1Voici une thèse intéressante. Elle a tout d’abord le mérite de mettre en lumière un poète trop longtemps négligé : Georges Fourest (1864‑1945), et d’en faire apparaître la singularité et la complexité. Ensuite, la traque des hypotextes qui pourvoient certes toute littérature est ici particulièrement sensible. L’érudition — la recherche — n’y est point vaine : elle fait circuler un sang neuf, porteur de nutriments, dans notre mémoire ; et ceux‑là redonnent des couleurs aux allusions et autres clins d’œil qui fourmillent dans les textes parodiques et allusifs de Fourest. Enfin le travail de Laurent Robert est méthodologique. Il évite cette paresse de la généralisation hélas souvent pratiquée, qui consiste à ne penser point la singularité d’un auteur afin de le dissoudre mieux dans des catégories génériques, textuelles ou temporelles.

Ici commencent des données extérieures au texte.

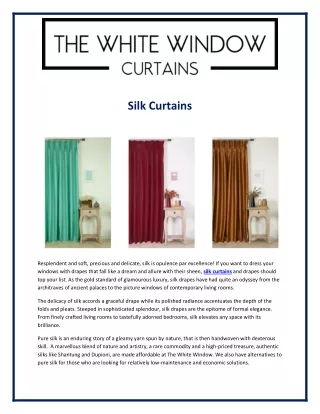 silk curtains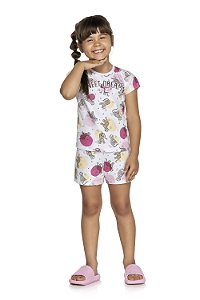 Pijama Infantil Feminino Gatinho Galáctico Elian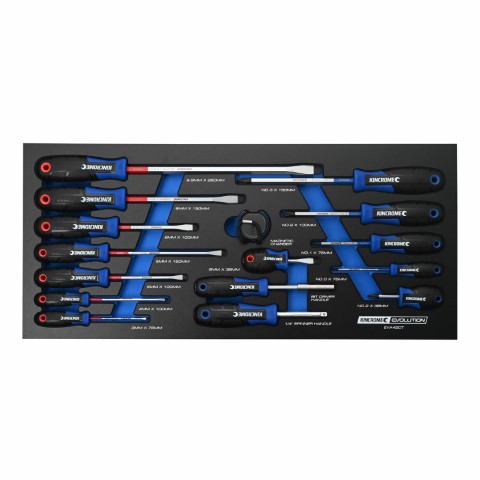 KINCROME EVA TRAY SCREWDRIVERS 16 PIECE 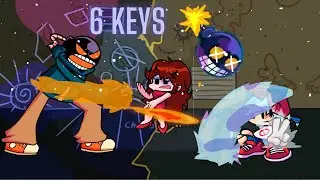 Friday Night Funkin Whitty's Fire Fight 6 KEY RECHART!! FULL WEEK (CUTSCENES)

2L. Robert n’y va pas à la louche, ah certes non, mais à la petite cuiller, et c’est tant mieux. Fourest est à savourer ; il mérite d’être apprécié pour sa cuisine savante, ses dosages subtils, ses épices surprenantes, ses retours en bouche. L’approche est historique et aussi formelle, ce qui ne gâte rien, et accompagne et soutient le plat de résistance comme le ferait un grand cru. L. Robert montre donc de quels emprunts, de quelle forme, de quelle syntaxe, de quel lexique, de quels tours de versification joue et se joue Fourest. L’héritage littéraire est non seulement accepté par Fourest mais réinvesti, non pas fossilisé mais rendu vivant par ses réécritures.
3Les influences sont multiples : Laurent Tailhade, Charles Cros, Mac Nab, Tancrède Martel, Jules Laforgue, Jarry, Huysmans, Lautréamont, Baudelaire, les petits maîtres du xviie siècle (Scarron, Colletet, Saint Amant, d’Assoucy), Rabelais… L. Robert eut pu pousser la « modernité » de Fourest un tout petit peu plus loin que ce qu’il a déjà osé faire. Mais il semble à le lire que l’institution littéraire et l’histoire littéraire n’étaient point tout à fait enclines pour céder concession perpétuelle au panthéon des poètes à La Négresse blonde (1909) et au Géranium ovipare (1935). C’est du coup une vraie thèse que présente L. Robert.
4Il s’agit bien d’évaluer l’art de Fourest et d’en apprécier l’actualité. L’auteur ne manque à aucuns moments de remettre en jeu les lectures de Évangélia Stead, de Jean de Palacio, de Pierre Jourde, de Gérard Genette, de Daniel Sangsue quand le besoin se fait sentir. Plutôt que du côté de Malevitch ou d’Yves Klein, cette « modernité » de Fourest eut pu être recherchée et trouvée du côté de Marcel Duchamp et notamment par une série d’œuvres que Duchamp emprunte à l’art sacralisé pour les retoucher. Cela part de L.H.O.O.Q. (1919) qui, comme on sait, contribue à la popularité de la Joconde et cela aboutit aux retouches par Duchamp de certains chefs d’œuvre de Cranach, Rembrandt, Ingres, Courbet (Morceaux choisis (1967‑1968)). Cela ne va pas sans rappeler chez Fourest le joyeusement iconoclaste « Carnaval de chefs d’œuvre » (la pièce la plus fameuse étant celle où Fourest réécrit Le Cid ; chacun se souvient de la conclusion : « Dieu ! qu’il est joli garçon l’assassin de papa ! »).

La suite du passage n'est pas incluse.